For example, there is a Employee object that inherits from a Person. Person has a constructor with first-name, last-name, etc. and therefore, so does Employee. Private to Employee are members for first name, last name, plus public properties for the same.

There is an EmployeeFactory that knows about both Employee and Person properties, as well as the SQL column names (to pull values from a reader).

There is an EmployeeRepository with unimplemented PersistNewItem and PersistUpdatedItem methods that I suspect, if implemented, would build SQL for INSERT and UPDATE statements like I see in CompanyRepository. These write the properties to strings to build the SQL.

There is a 'Data Contract' PersonContract with the same private members and public properties as Person, and an EmployeeContract that inherits from PersonContract like Employee does Person, with public properties mirroring the entities.

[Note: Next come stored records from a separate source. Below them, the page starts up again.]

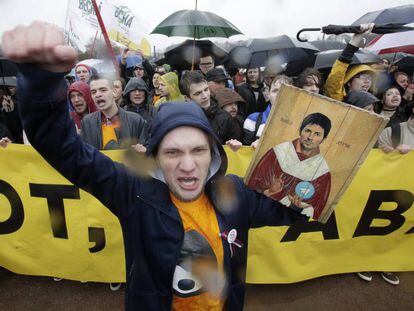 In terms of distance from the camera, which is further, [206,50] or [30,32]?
[206,50]

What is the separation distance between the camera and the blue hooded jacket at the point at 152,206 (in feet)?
3.61

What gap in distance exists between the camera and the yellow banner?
274 cm

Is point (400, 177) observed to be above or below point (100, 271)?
above

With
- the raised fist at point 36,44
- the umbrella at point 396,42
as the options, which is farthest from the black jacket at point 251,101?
the raised fist at point 36,44

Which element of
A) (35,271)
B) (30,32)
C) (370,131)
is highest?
(30,32)

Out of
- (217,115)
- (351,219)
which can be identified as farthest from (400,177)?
(217,115)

There is a static 'Converter' class with static methods that map entities to Contracts, including

EmployeeContract ToEmployeeContract(Employee employee)  

which copies the fields from one to the other, including Person fields. There may be a companion method that goes the other way - not sure.

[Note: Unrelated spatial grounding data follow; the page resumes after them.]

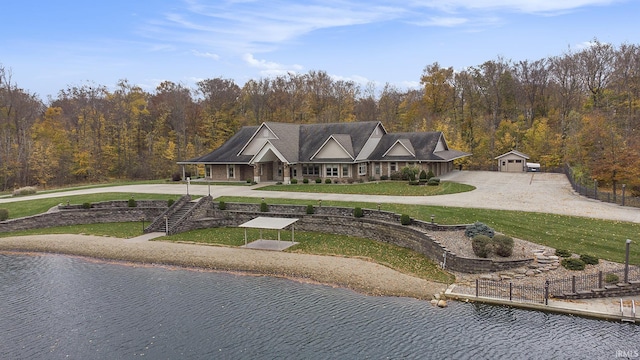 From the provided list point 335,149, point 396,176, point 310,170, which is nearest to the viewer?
point 396,176

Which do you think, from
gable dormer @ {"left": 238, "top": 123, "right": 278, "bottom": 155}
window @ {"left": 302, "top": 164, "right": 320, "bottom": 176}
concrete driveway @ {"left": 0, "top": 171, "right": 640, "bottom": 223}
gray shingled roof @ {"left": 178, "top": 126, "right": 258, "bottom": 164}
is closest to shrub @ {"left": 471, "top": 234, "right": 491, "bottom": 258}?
concrete driveway @ {"left": 0, "top": 171, "right": 640, "bottom": 223}

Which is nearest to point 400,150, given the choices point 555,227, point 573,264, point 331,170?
point 331,170

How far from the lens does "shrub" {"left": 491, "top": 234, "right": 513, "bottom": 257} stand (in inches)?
846

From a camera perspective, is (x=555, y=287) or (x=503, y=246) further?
(x=503, y=246)

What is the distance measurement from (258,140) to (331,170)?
10120 mm

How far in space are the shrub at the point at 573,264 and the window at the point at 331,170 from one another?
99.2 feet

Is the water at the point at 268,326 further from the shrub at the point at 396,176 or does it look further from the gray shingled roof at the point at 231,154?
the gray shingled roof at the point at 231,154

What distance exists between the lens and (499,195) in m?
35.5

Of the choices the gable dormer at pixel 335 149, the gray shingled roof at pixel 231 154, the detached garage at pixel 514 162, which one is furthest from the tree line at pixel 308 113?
the gable dormer at pixel 335 149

I think there are unit tests too.

In all I count 5-10 classes, methods, and constructors with detailed knowledge about entity properties. Perhaps they're auto-generated - not sure. If I needed to add a 'Salutation' or other property to Person, I would have to adjust all of these classes/methods? I'm sure I'd forget something.

Again, I mean no disrespect and this seems to be a very thorough, detailed example for the book. Is this how DDD is done?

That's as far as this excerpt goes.